Süddeutsche Zeitung

Volkswagen:Müller: "Ich gebe Ihnen mein Wort - VW wird nicht ruhen"

Konzernchef Matthias Müller hat seinen ersten großen Auftritt seit Ausbruch des Skandals.

Von Thomas Fromm, Wolfsburg

Matthias Müller blickt ernst. Die vergangenen Wochen haben beim Volkswagen-Chef Spuren hinterlassen. Er ist blasser als sonst, als er in der Wolfsburger Auto-Uni am Stadtrand zu Öffentlichkeit spricht. Es ist der erste große Auftritt der Konzernführung, seit der Skandal aufkam.

Die Auto-Uni ist ein moderner Zweckbau. Überall stehen Fernsehübertragungswagen. Die Veranstaltung ist auf Deutsch, mit englischer Übersetzung auf der Videowand. Ein Journalist aus dem Ausland wundert sich: "Warum machen die das nicht gleich auf Englisch - die Adressaten sitzen doch eh alle in den USA?" In den Vereinigten Staaten kam der Skandal auf - und von dort könnten die größten finanziellen Belastungen auf Volkswagen zukommen.

Matthias Müller und Hans Dieter Pötsch beantworten Fragen von Journalisten. Pötsch ist seit kurzem der Chef des Aufsichtsrats, der den Vorstand kontrollieren soll. "Die letzten zweieinhalb Monate waren für uns beispiellos", sagt Pötsch. "VW steht mitten in einer der größten Bewährungsproben seiner Geschichte." Volkswagen hatte Motoren von Dieselautos manipuliert, um staatliche Abgastests zu bestehen. Wie konnte es so weit kommen? "Wir sprechen nicht von einem einmaligen Fehler, sondern von einer Fehlerkette", sagt Pötsch.

Während der Aufsichtsratschef spricht, sagt Müllers Gesicht: Was mache ich eigentlich hier? Der Mann führte lange den Sportwagenbauer Porsche und wurde im Zuge der Diesel-Affäre an die VW-Spitze gespült. Er kann sich wohl etwas Angenehmeres vorstellen, als hier zu sitzen und das Unerklärliche zu erklären.

"Neuer Geist? Just do it"

Erst als Müller dann selbst spricht, geht er in die Offensive. "Wir werden nicht zulassen, dass uns diese Krise lähmt", sagt der Konzernchef. "Ich gebe Ihnen mein Wort - VW wird nicht ruhen, bis wir das Thema ein für alle Mal gelöst haben." Die Krise sei auch eine Chance. Eine Neuausrichtung wäre früher oder später sowieso notwendig gewesen. Müller gibt den Machertyp: "Wie bringt man diesen neuen Geist in einen Konzern mit 600 000 Leuten? Just do it."

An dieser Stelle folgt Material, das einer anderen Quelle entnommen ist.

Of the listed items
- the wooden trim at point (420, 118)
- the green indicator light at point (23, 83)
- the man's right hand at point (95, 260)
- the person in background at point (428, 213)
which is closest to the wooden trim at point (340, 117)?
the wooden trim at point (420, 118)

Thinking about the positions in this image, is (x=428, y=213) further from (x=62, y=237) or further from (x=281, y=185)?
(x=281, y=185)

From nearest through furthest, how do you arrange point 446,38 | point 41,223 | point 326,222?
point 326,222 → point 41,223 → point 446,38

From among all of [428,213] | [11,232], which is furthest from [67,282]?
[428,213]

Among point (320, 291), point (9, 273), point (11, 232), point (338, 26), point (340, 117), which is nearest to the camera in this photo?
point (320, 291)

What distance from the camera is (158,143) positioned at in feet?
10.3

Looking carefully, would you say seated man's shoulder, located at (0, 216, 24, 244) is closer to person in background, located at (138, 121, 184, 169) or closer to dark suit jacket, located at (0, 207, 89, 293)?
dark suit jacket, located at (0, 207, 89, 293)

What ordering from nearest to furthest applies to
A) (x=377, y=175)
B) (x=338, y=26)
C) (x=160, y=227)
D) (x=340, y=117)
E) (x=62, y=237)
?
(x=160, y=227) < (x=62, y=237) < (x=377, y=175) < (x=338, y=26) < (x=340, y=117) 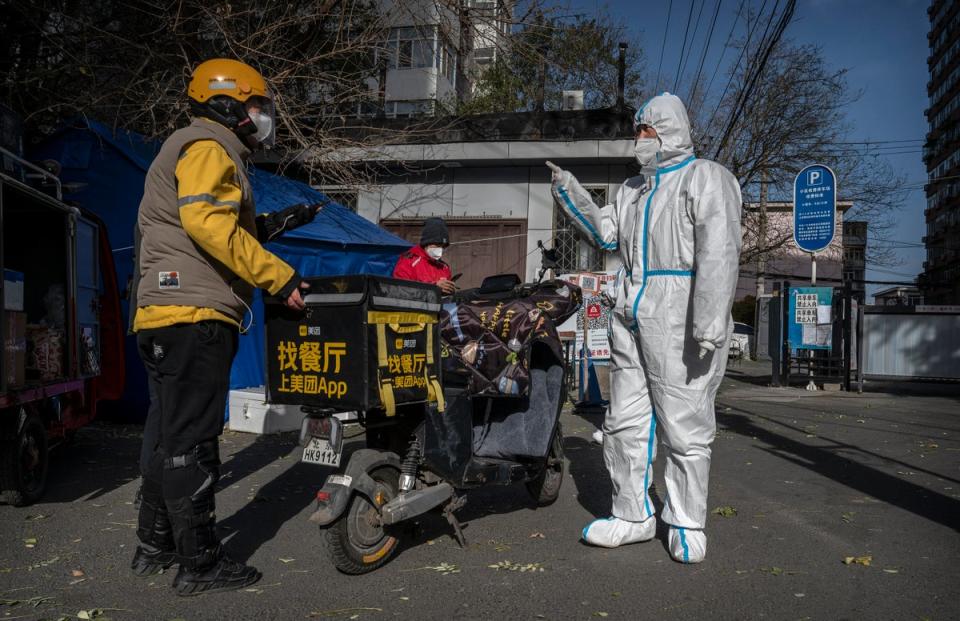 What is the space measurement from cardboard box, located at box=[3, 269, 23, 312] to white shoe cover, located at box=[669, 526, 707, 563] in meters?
4.50

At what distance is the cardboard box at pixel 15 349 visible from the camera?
5051 mm

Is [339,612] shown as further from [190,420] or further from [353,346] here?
[353,346]

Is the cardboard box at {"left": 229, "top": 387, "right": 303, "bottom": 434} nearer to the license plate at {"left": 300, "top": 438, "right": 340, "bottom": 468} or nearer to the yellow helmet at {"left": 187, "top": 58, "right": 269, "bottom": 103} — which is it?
the license plate at {"left": 300, "top": 438, "right": 340, "bottom": 468}

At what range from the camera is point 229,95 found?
3.58 m

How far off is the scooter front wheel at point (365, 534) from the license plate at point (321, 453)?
21 cm

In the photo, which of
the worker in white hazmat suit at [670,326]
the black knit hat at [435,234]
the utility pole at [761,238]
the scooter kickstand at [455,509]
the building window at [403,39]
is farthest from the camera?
the utility pole at [761,238]

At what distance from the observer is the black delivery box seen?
354cm

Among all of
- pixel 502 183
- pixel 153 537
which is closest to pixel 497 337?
pixel 153 537

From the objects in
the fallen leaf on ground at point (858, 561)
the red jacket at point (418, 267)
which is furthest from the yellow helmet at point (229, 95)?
the fallen leaf on ground at point (858, 561)

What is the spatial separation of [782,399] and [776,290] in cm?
394

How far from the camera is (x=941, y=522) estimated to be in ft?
15.6

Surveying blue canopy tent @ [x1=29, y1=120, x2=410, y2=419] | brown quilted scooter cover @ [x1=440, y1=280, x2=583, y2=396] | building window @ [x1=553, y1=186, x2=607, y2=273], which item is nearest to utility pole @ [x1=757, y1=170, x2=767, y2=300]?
building window @ [x1=553, y1=186, x2=607, y2=273]

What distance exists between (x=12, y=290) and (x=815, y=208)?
12692 mm

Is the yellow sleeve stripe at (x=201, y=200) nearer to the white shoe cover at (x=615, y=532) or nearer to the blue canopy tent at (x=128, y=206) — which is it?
the white shoe cover at (x=615, y=532) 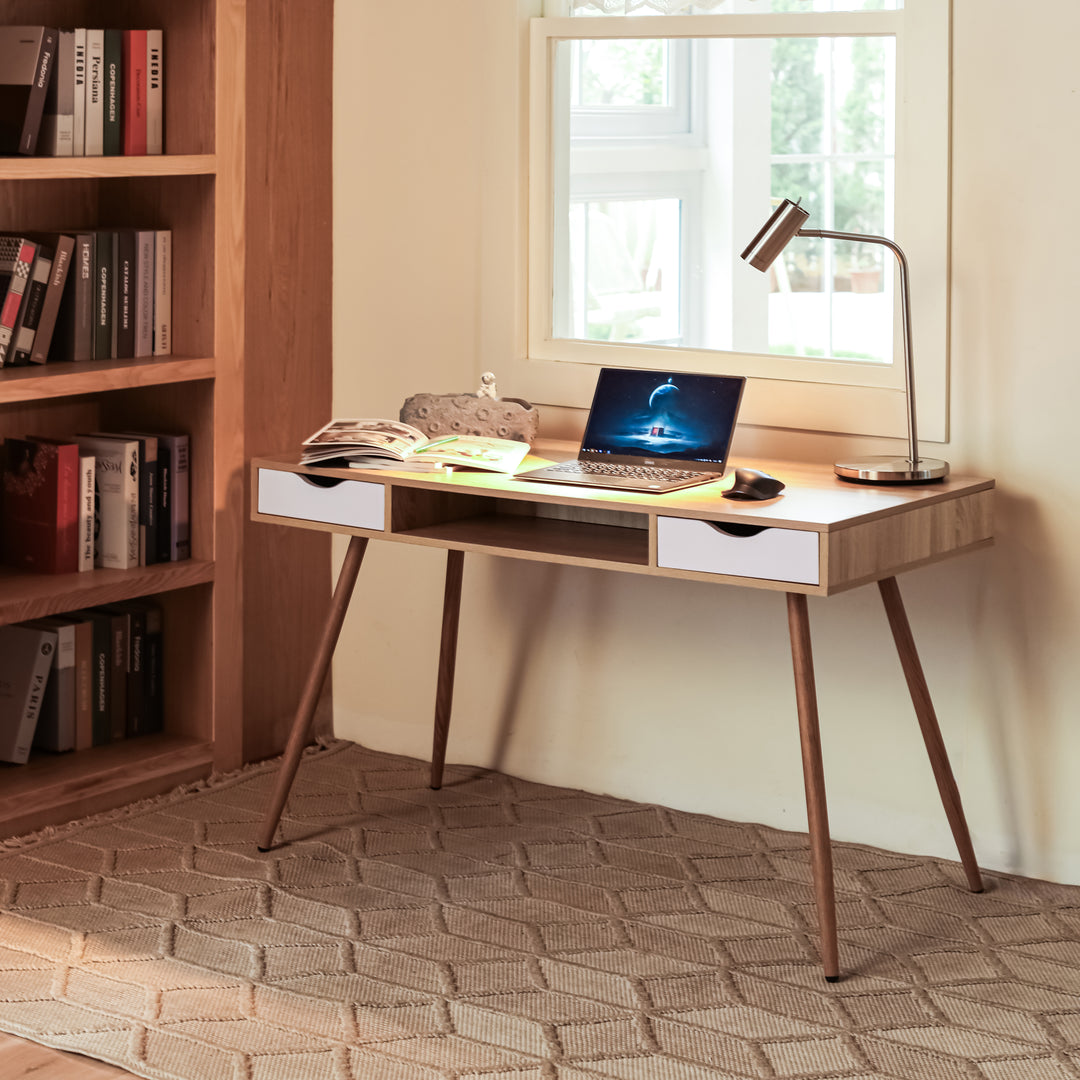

450 Ermittler sind derzeit bei VW im Einsatz, darunter auch externe Aufklärer von einer amerikanischen Kanzlei. Sie sollen herausfinden, wer Schuld hat. Dafür haben sie 1500 elektronische Datenträger von 380 Mitarbeitern gescannt. 2000 Mitarbeiter wurden von ihnen angeschrieben und gebeten, nichts von ihren Computern zu löschen. Es könnte zur Aufklärung beitragen.

Volkswagen werde nicht zerbrechen

Und was ist mit den USA, wo in San Francisco nun die Sammelklagen gegen den Konzern verhandelt werden? Die Richter gelten als verbraucher- und umweltfreundlich. Sollte Müller nicht vor Ort um Verzeihung bitten, symbolisch vor den US-Behörden in die Knie gehen? "Dass ich in den USA einen Kniefall mache, das glaube ich jetzt nicht", sagt er. Aber er werde sich für das Geschehene entschuldigen.

In existenzieller Gefahr sei Volkswagen aber nicht, sagt Müller. "So ernst die aktuelle Situation auch ist: Dieses Unternehmen wird daran nicht zerbrechen."